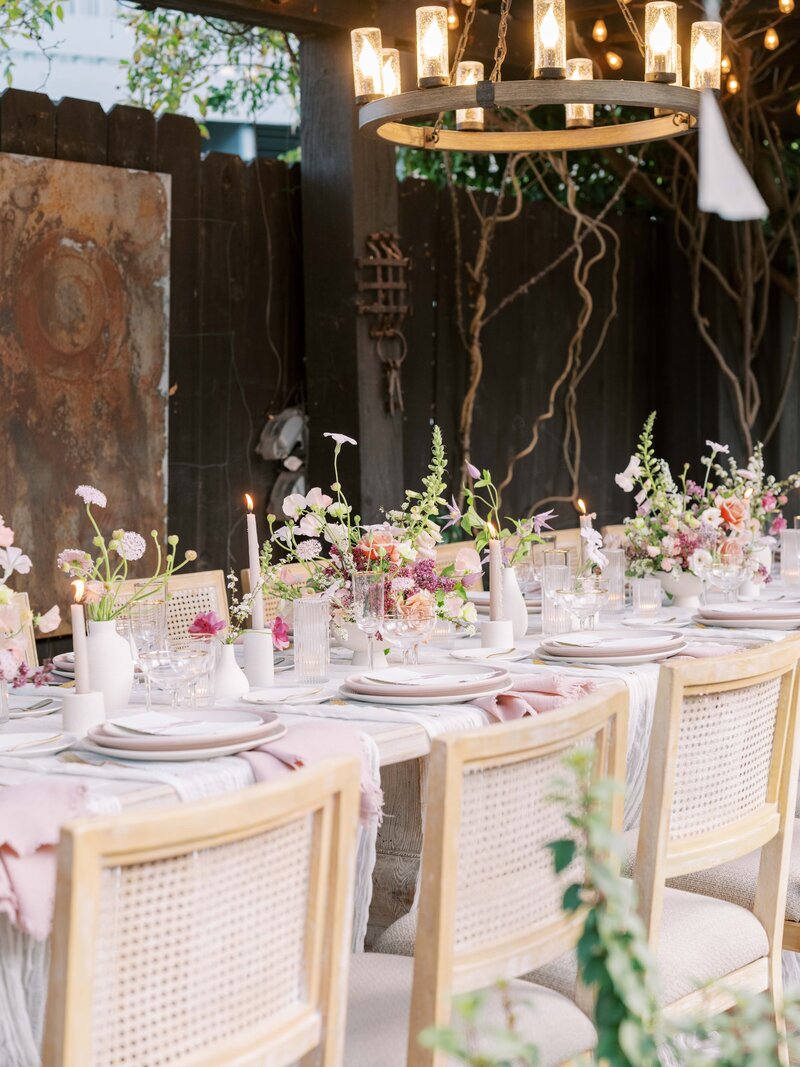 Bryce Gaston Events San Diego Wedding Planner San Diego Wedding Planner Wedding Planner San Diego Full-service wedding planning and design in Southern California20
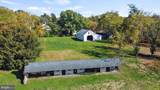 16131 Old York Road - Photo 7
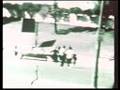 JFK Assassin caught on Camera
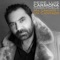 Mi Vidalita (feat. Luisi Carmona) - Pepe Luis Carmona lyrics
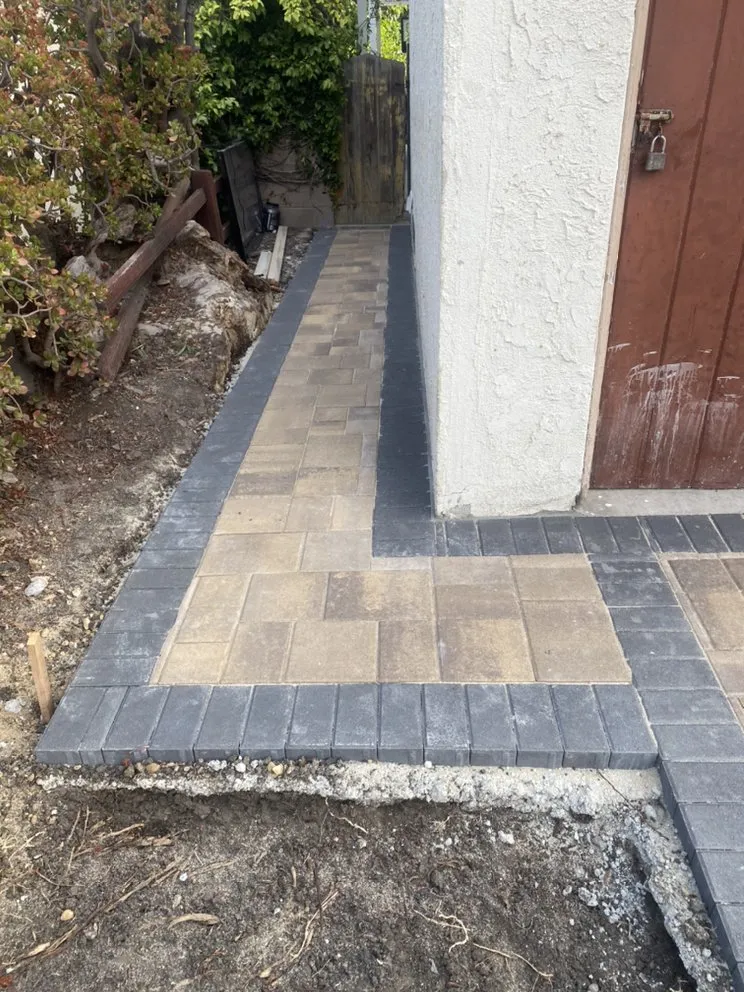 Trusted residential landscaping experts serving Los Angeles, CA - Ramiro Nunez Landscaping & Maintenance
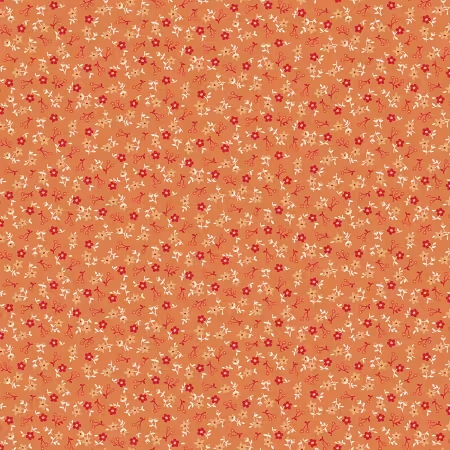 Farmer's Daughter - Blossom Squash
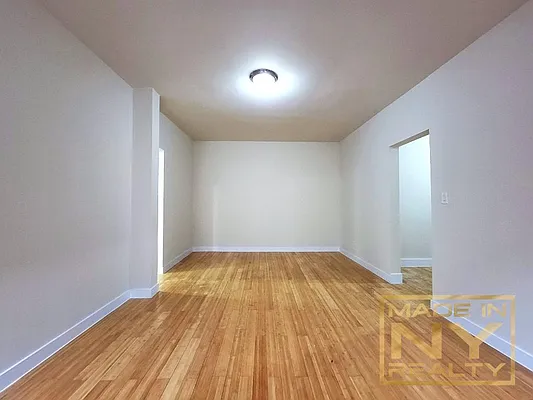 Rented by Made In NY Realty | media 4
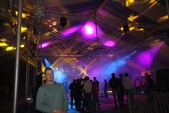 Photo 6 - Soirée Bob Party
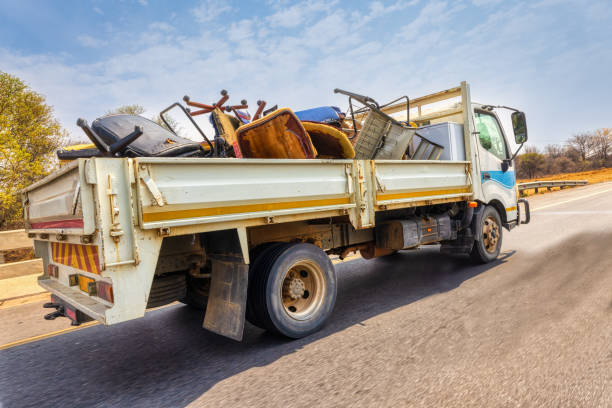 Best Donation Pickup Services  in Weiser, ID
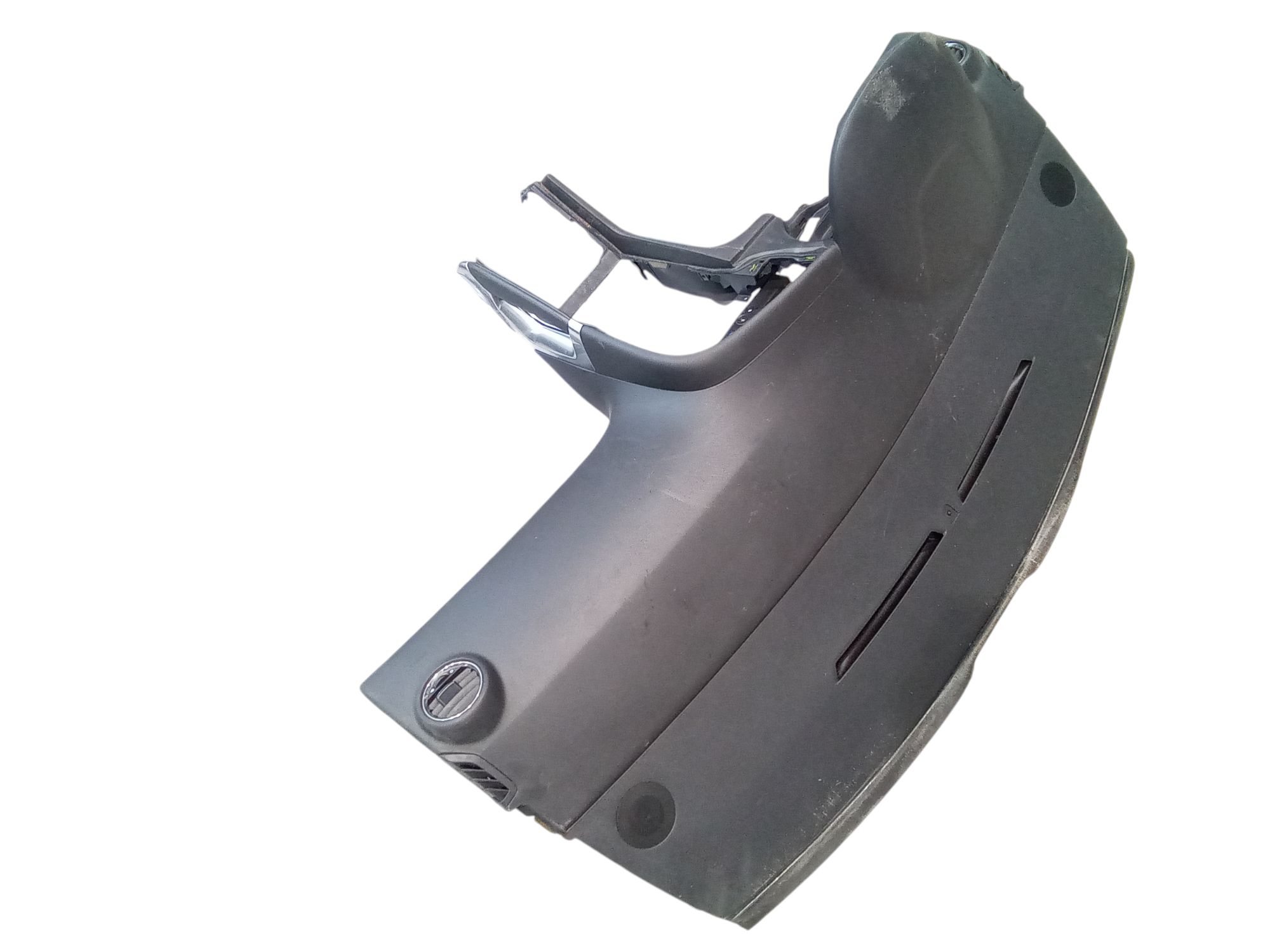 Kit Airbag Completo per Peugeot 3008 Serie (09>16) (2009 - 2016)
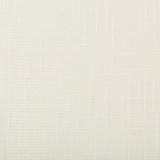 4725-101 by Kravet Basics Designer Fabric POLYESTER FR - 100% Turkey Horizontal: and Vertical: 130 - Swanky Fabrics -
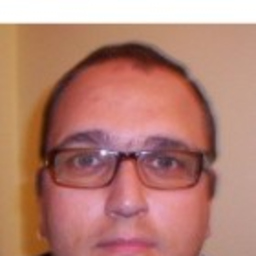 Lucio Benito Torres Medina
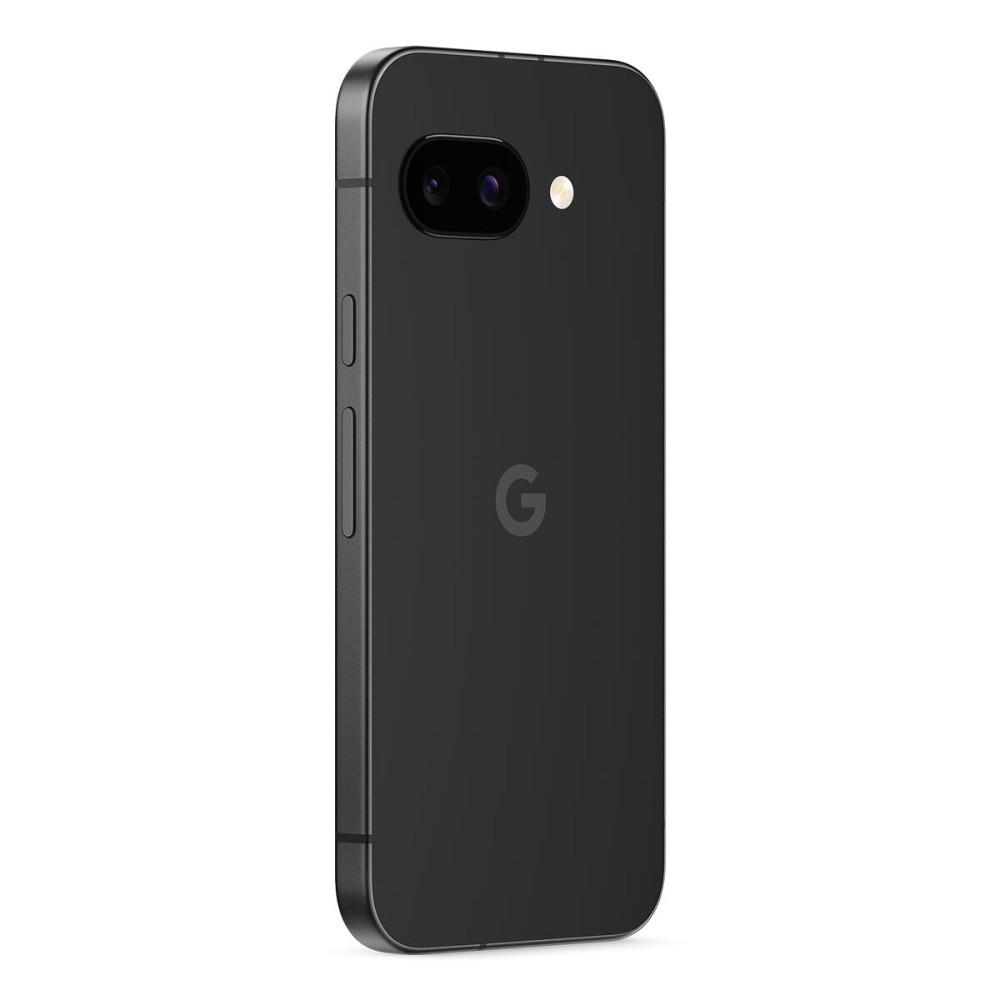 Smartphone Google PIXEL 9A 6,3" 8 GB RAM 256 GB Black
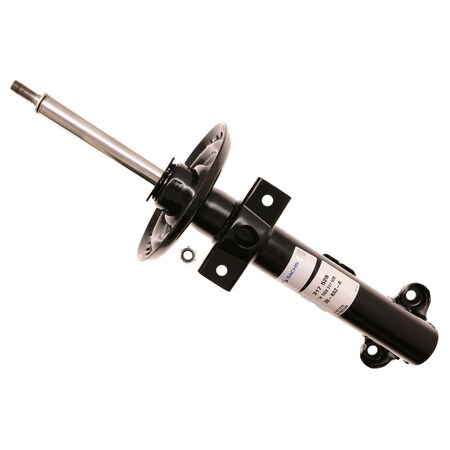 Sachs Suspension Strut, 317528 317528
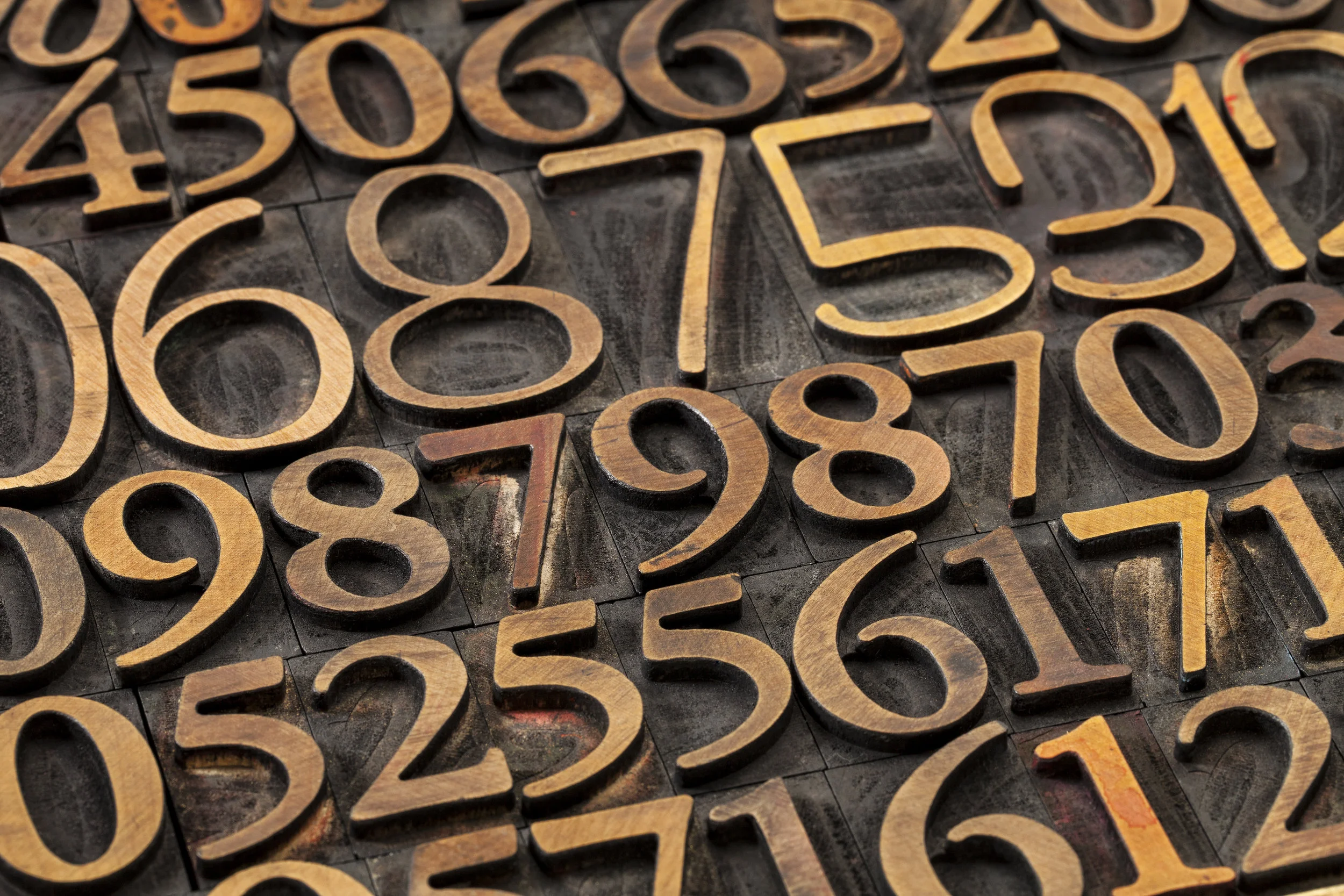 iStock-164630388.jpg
== == ==
Using the records above, reproduce exactly the lines from the line containing "Rented by Made In NY Realty | media 4" through the last line, with both ends kept and no pictures.

▸ **PROBLEM SOLUTION**
 Rented by Made In NY Realty | media 4
 Photo 6 - Soirée Bob Party
 Best Donation Pickup Services  in Weiser, ID
 Kit Airbag Completo per Peugeot 3008 Serie (09>16) (2009 - 2016)
 4725-101 by Kravet Basics Designer Fabric POLYESTER FR - 100% Turkey Horizontal: and Vertical: 130 - Swanky Fabrics -
 Lucio Benito Torres Medina
 Smartphone Google PIXEL 9A 6,3" 8 GB RAM 256 GB Black
 Sachs Suspension Strut, 317528 317528
 iStock-164630388.jpg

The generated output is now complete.